William Harvey. 1 April 1578 – 3 June 1657. English physician, anatomist, pioneer of physiology and embryology. Discovered blood circulation.
Life and Work:
1. According to the writer Peter Ackroyd, William Harvey often watched fire fighters use pumps on the London streets. The scientist imagined a heart as a pump transporting the blood. This directed him to the discovery of the blood circulation in the human body.
2. A grandson of a sheep farmer in Kent and an eldest son of a merchant and a jurat of Folkestone showed remarkable academic excellence. According to surviving memories, the father was a smart person who decided that it would be reasonable for the boy to get good education and sent him to the King’s School, Canterbury, where William learned Latin and Greek.
3. The education of the future founding father of physiology and embryology looks impressive even these days let alone the late 16th century. He studied at the University of Cambridge where he chose subjects useful for the physician, including philosophy and mathematics, and at the University of Padua, renowned for its medical school.
4. During the first year of study in Padua, his teacher, professor Girolamo Fabrizio, or latinized Hieronymus Fabricius, published De Venarum Ostiolis. Even though the professor showed that entries into valves of veins are always open towards the heart, he did not see any correlation with the blood circulation. Nevertheless, Fabrizio’s works and demonstrations had a profound impact on the inquisitive English student.
5. In early 1603, the newly-made doctor of medicine of the University of Padua returned home. Having received all the necessary degrees and licenses in England, he started practice in London.
6. As an inquisitive man of action, Harvey engaged in private practice and served as a physician at Saint Bartholomew’s Hospital which was very prestigious during his time, worked at the College of Physicians and made his own experiments.
7. Back in the 1580s, Lord John Lumley was concerned with the medical education in England and established the so-called Lumleian Lectures. William Harvey served as a Lumleian lecturer for forty-one years.
8. On 16 April 1618, William Harvey gave a public Lumleian lecture which blew the attendees’ minds. It appears that the blood moves in a circle in the body, or, to be more accurate, in two circles - small or pulmonary and big or systemic. Harvey was first in the modern world to realize that the blood goes round in circles continuously instead of moving like tides.
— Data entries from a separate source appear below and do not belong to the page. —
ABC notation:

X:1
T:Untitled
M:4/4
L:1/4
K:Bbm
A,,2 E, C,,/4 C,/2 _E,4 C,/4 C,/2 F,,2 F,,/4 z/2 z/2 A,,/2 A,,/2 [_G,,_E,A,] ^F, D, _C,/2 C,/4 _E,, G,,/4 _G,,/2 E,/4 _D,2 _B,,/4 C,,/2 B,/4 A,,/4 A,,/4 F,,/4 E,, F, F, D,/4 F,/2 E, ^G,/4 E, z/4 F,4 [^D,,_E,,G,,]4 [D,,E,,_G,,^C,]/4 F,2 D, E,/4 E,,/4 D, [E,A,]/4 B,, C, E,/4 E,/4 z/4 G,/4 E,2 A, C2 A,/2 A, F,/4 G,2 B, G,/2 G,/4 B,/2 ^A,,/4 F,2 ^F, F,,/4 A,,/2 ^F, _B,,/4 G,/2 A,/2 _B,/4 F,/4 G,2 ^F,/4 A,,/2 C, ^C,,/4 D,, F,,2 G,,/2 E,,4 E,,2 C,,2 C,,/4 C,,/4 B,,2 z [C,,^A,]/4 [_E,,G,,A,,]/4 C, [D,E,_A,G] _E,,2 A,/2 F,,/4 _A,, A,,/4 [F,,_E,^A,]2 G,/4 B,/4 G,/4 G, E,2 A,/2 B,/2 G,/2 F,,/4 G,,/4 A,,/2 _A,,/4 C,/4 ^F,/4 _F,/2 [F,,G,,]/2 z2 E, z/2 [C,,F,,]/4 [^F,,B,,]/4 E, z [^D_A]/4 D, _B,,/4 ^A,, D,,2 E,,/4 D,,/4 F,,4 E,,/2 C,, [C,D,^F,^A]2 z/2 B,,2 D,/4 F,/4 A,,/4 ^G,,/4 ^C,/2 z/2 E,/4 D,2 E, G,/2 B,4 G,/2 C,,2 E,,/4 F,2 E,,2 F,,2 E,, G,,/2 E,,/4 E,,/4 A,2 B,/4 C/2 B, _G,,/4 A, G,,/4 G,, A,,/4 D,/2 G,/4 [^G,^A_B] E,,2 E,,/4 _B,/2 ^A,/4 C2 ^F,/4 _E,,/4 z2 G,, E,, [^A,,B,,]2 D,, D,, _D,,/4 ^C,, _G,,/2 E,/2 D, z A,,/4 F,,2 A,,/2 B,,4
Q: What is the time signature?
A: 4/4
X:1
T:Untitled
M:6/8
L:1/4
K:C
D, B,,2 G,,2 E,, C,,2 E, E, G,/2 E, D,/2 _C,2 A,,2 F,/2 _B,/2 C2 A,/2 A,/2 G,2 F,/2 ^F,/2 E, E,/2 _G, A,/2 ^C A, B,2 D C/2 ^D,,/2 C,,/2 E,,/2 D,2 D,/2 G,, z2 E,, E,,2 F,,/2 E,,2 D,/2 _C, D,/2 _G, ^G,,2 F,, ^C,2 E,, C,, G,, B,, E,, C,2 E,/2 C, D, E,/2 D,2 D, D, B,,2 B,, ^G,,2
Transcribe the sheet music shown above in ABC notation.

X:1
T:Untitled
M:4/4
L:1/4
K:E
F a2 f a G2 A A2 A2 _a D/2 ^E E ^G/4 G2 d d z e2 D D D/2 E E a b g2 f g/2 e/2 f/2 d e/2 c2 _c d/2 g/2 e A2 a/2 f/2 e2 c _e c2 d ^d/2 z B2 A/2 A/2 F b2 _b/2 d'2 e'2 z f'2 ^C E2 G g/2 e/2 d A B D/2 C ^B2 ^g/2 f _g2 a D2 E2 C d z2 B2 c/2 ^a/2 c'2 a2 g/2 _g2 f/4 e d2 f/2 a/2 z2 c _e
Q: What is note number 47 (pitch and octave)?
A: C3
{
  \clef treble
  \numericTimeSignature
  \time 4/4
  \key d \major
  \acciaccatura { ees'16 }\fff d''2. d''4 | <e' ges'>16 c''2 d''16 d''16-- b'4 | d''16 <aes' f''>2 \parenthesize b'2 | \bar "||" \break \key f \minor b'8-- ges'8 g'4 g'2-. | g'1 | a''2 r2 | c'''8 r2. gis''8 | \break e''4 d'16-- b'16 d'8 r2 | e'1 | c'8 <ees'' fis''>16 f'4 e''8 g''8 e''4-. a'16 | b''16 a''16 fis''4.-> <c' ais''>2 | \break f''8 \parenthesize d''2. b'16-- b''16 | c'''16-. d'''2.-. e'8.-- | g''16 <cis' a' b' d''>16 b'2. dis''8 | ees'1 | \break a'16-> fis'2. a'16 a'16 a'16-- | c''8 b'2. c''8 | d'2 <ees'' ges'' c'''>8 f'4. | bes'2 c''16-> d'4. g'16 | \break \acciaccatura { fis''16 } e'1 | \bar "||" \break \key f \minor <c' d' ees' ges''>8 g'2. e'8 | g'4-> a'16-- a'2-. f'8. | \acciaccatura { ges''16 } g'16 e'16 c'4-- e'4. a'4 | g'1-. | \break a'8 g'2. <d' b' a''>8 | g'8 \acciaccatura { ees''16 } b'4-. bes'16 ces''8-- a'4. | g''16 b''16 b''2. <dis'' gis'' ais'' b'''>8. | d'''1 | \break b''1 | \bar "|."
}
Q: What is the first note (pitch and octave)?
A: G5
9. The heart is a pump, Harvey claimed. It pumps the blood through arteries into tissues. The blood then returns to the heart through veins, going through lungs to capture oxygen and back to tissues.
10. It would be wrong to tell that the attendees understood and believed everything straight away – the prominent scholars of the time met William Harvey’s discovery with hostility. Hinting at Harvey’s major discovery, his opponents gave the physician an insulting name of the “circulator” which was given to wandering healers, i.e., charlatans.
11. By the time Harvey discovered circulation, the list of his patients included nobility and the highest-ranking patient was king James I. Bad reviews slightly tarnished reputation of the famous physician and led to a decrease in his private practice but the scholar remained a royal physician. James I was succeeded by Charles I and Harvey became his archiater.
12. Charles I got intrigued in Harvey’s research and provided him with carcasses of animals killed during the hunt. In 1645, the king appointed Harvey warden of Merton College, Oxford. But in June 1646, Oxford was besieged and stormed by Cromwell’s supporters and the scholar’s university career ended.
13. William Harvey visited Europe during the Thirty Years’ War. On his three-year journey with the high-ranking patient, the scientist continued his studies. In one of his letters, Harvey lamented about the miserable conditions in countries he visited: “By the way we could scarcely see a dog, crow, kite, raven, or any bird, or anything to anatomize.”
14. Harvey’s court career ended during the civil wars in England. His scientific work however continued. He was focused on the studies in the field of embryology and wasted so many eggs for science that there would be enough to cook fried eggs for all the Englishmen at once, Harvey’s cook said.
15. Harvey’s paper, Exercitatio Anatomica de Motu Cordis et Sanguinis in Animalibus, Latin for An Anatomical Exercise on the Motion of the Heart and Blood in Living Beings, was published in 1628 in Frankfurt. In 1651, he published his second major work, Exercitationes de Generatione Animalium, Latin for On the Generation of Animals. In this book, Harvey generalized the findings of his studies of many years in the embryonic development of invertebrate and vertebrate animals.
16. Harvey claimed that the egg is something that all the animals share initially and all life comes from the egg. Harvey’s studies on embryology became a major boost to the development of the theoretical and practical obstetrics.
17. Harvey had no children and, therefore, he left all his money for his relatives and the Royal College of Physicians for scientific studies.